Long-Term Ecological Research on the antarctic marine ecosystem: An ice dominated environment. Maria Vernet, Scripps Institution of Oceanography. The central hypothesis of the Palmer Long-Term Ecological Research (LTER) project is that the annual advance and retreat of sea ice is a major physical determinant of spatial and temporal changes in the structure and function of the antarctic marine ecosystem. Evidence shows that this dynamic variability of sea ice has an important, perhaps major, impact on all levels of the food web, from total annual primary production to breeding success in top predators. For example, variability in sea ice may affect prey and predators directly (e.g., access to open water or preferred habitats) or indirectly (e.g., food availability, which in turn may be affected by the variability in sea ice). We hypothesize that sea ice is a major factor regulating for

• the timing and magnitude of seasonal primary production;
• the dynamics of the microbial loop and particle sedimentation;
• krill abundance, distribution, and recruitment; and
• survivorship and reproductive success of top predators.
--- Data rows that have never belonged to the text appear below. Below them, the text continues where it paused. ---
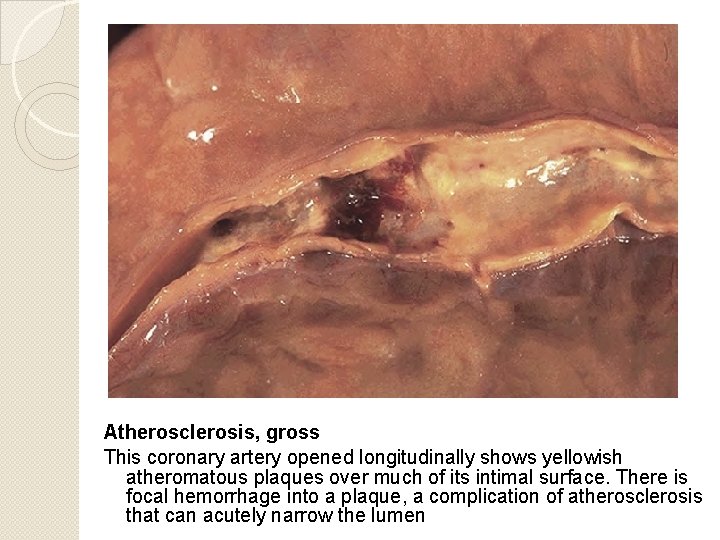 Atherosclerosis, gross This coronary artery opened longitudinally shows yellowish atheromatous plaques over much of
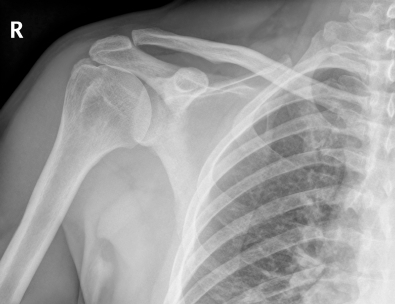 AC (Acromium ключицы) совместное разделение фото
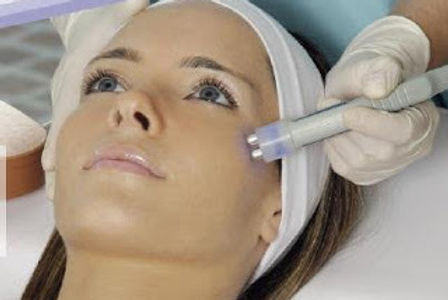 Radiofrecuencia Facial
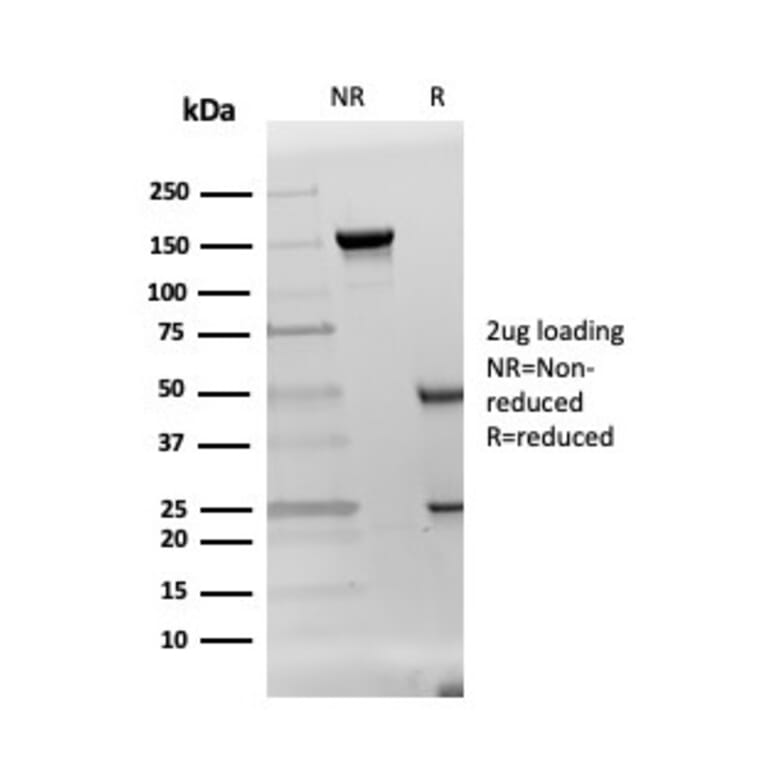 SDS-PAGE - Anti-DAZL Antibody [DAZL/4253] (A248320) - Antibodies.com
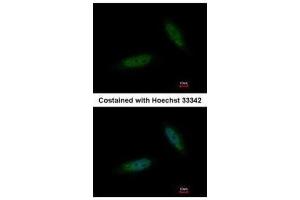 ICC/IF Image Immunofluorescence analysis of paraformaldehyde-fixed HeLa, using TBCK, antibody at 1:200 dilution.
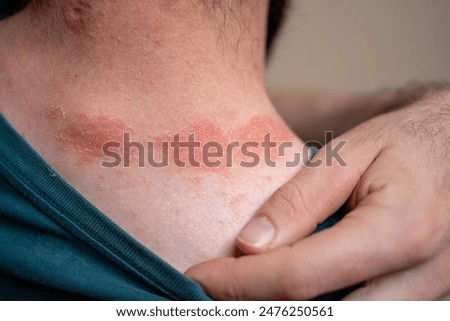 Similar – Image, Stock Photo Psoriasis skin with red wounds. Male arms with cracked, hard, horny, flaky skin. Dermatological problems of allergy, eczema. Hand stains, rash, dry skin. The concept of chronic disease treatment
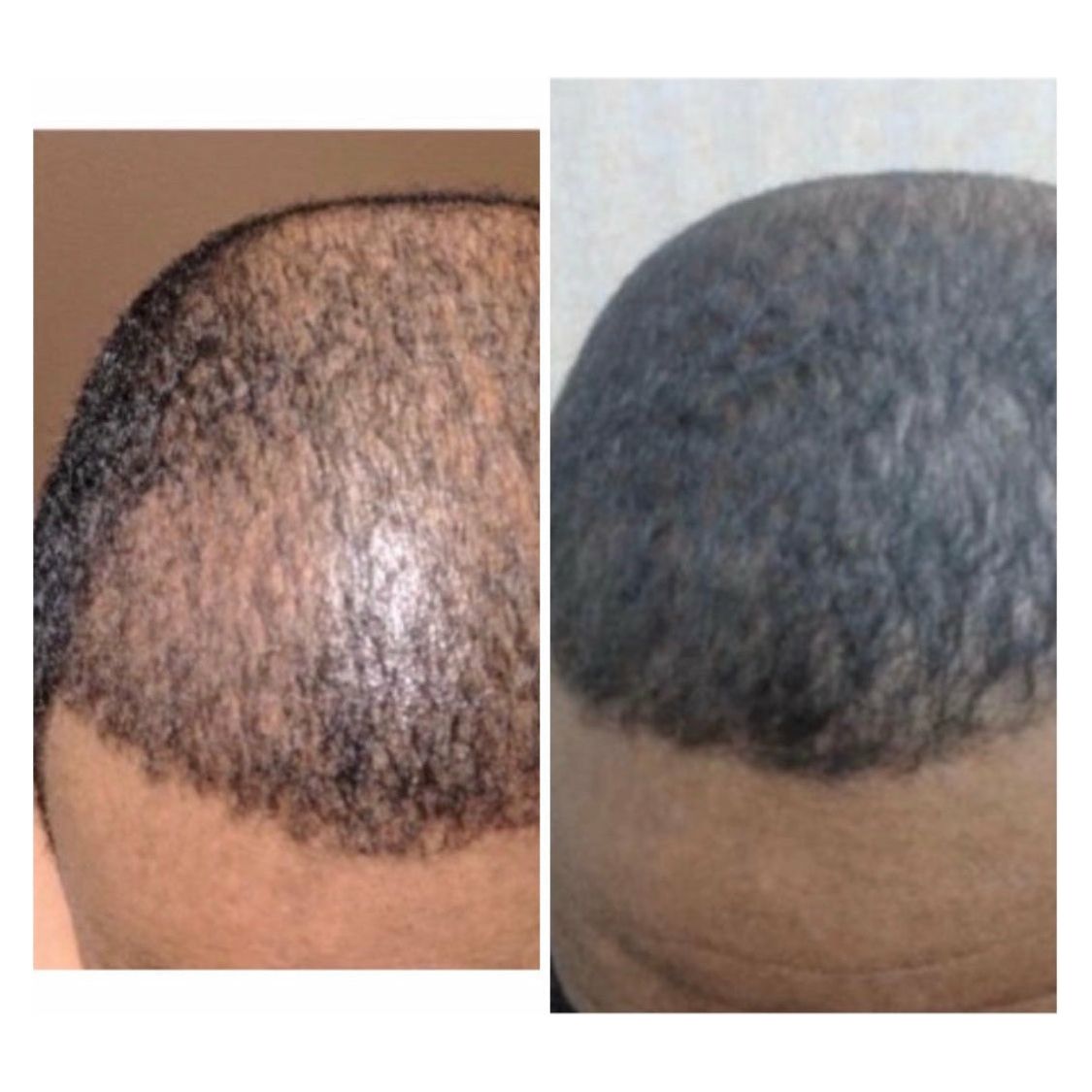 Advanced Hair Growth+ Supplements - (has Shellfish)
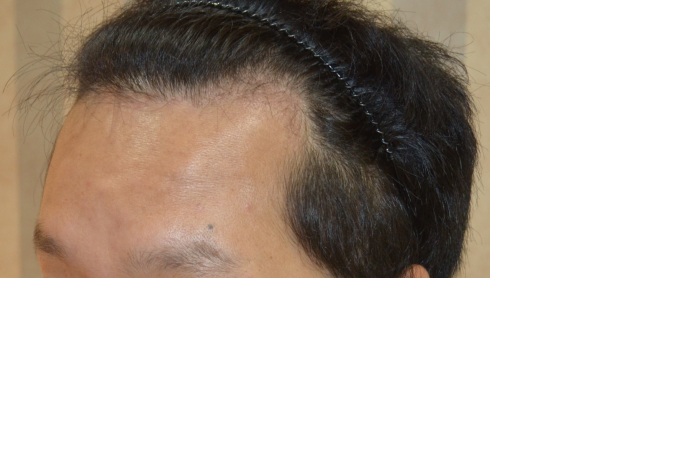 수술후 좌측.jpg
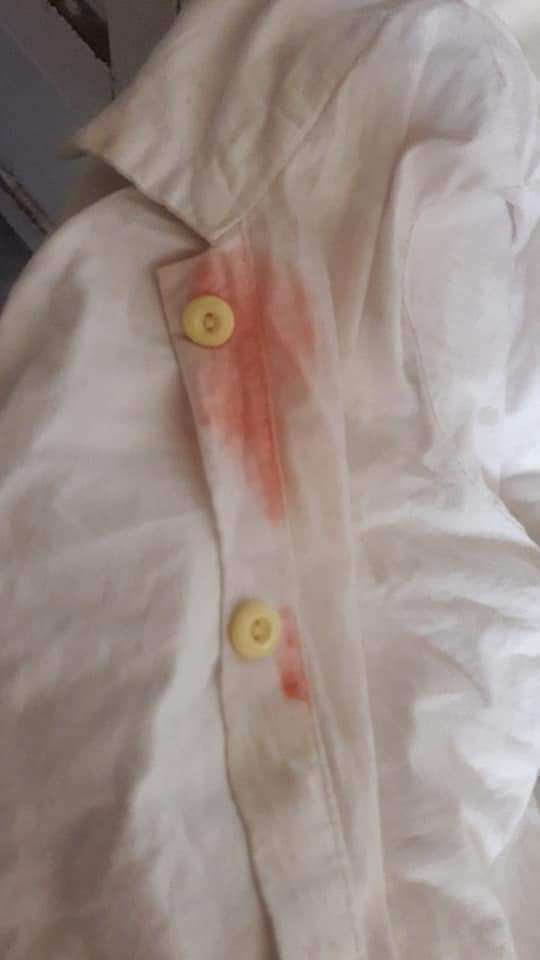 مزيل البقع الاقوي من شركه مكه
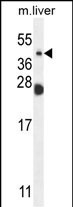 NEU4 Antibody in Western Blot (WB)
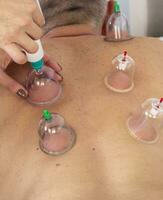 Shot of the female doctor in uniform against the white wall examining mid age male patient, performing cupping therapy. Healthcare photo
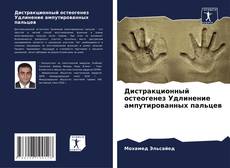 Обложка Дистракционный остеогенез Удлинение ампутированных пальцев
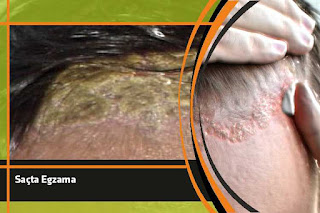 guzellik saclardan baslar blogger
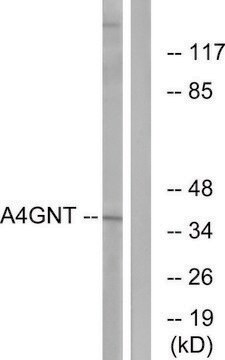 Anti-A4GNT antibody produced in rabbit affinity isolated antibody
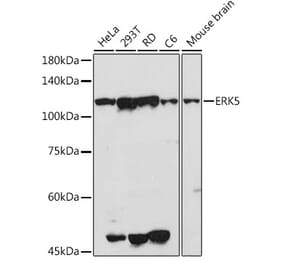 Western Blot - Anti-ERK5 Antibody (A13879) - Antibodies.com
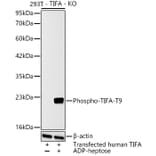 Western Blot - Anti-TIFA (Phospho T9) Antibody (A329890) - Antibodies.com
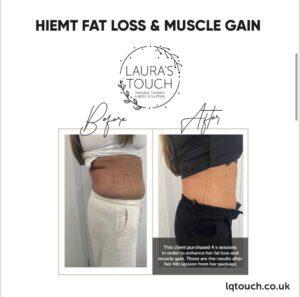 Before and After of a HIEMT Fat Loss and Muscle Gain client, focused on her stomach at Laura's Touch Bromley Clinic.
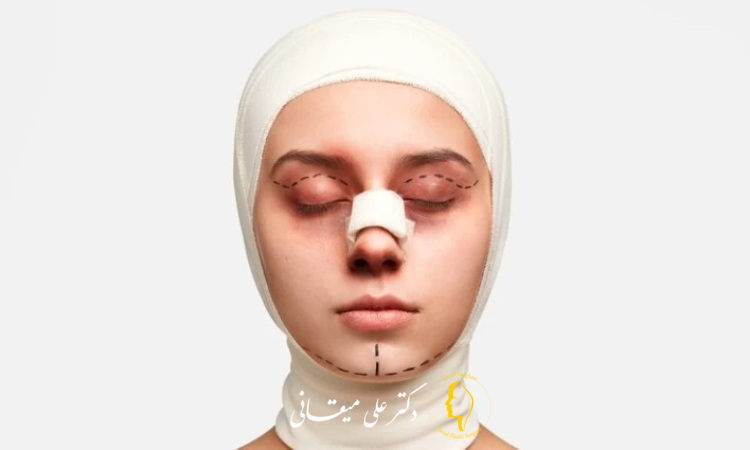 تأثیر شیاف دیکلوفناک بر کاهش کبودی و ورم بعد از عمل بینی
The magnitude and timing of sea ice may have different consequences for different key species, and it is still unclear what the ramifications would be for the whole antarctic ecosystem. For example, high levels of survivorship and reproductive success of Adélie penguins appear to depend on high levels of availability of antarctic krill, which in turn appear to be correlated with greater ice coverage. On the other hand, high levels of breeding success of south polar skuas appear to be determined by the availability of antarctic silverfish, which in turn appear to be associated with lesser ice coverage. Thus, the overall objectives of the Palmer LTER project are

• to document not only the interannual variability of annual sea ice and the corresponding physics, chemistry, optics, and primary production within the study area but also the life-history parameters of secondary producers and top predators;
• to quantify the processes that cause variation in physical forcing and the subsequent biological response among the representative trophic levels;
• to construct models that link ecosystem processes to environmental variables and which simulate spatial/temporal ecosystem relationships; and then
• to employ such models to predict and validate ice-ecosystem dynamics.

A key challenge for the Palmer LTER project is to characterize and understand the link between the different spatial and temporal scales of the various physical and biological components of the antarctic ecosystem.

The participants for the 1998–1999 field season will be

• Maria Vernet, Scripps Institution of Oceanography (BP-016-O);
• Douglas Martinson, Columbia University (BP-021-O);
• Langdon Quetin, University of California at Santa Barbara (BP-028-O);
• Raymond Smith, University of California at Santa Barbara (BP-032-O);
• William Fraser, Montana State University (BP-013-O); and
• David Karl, University of Hawaii (BP-046-O).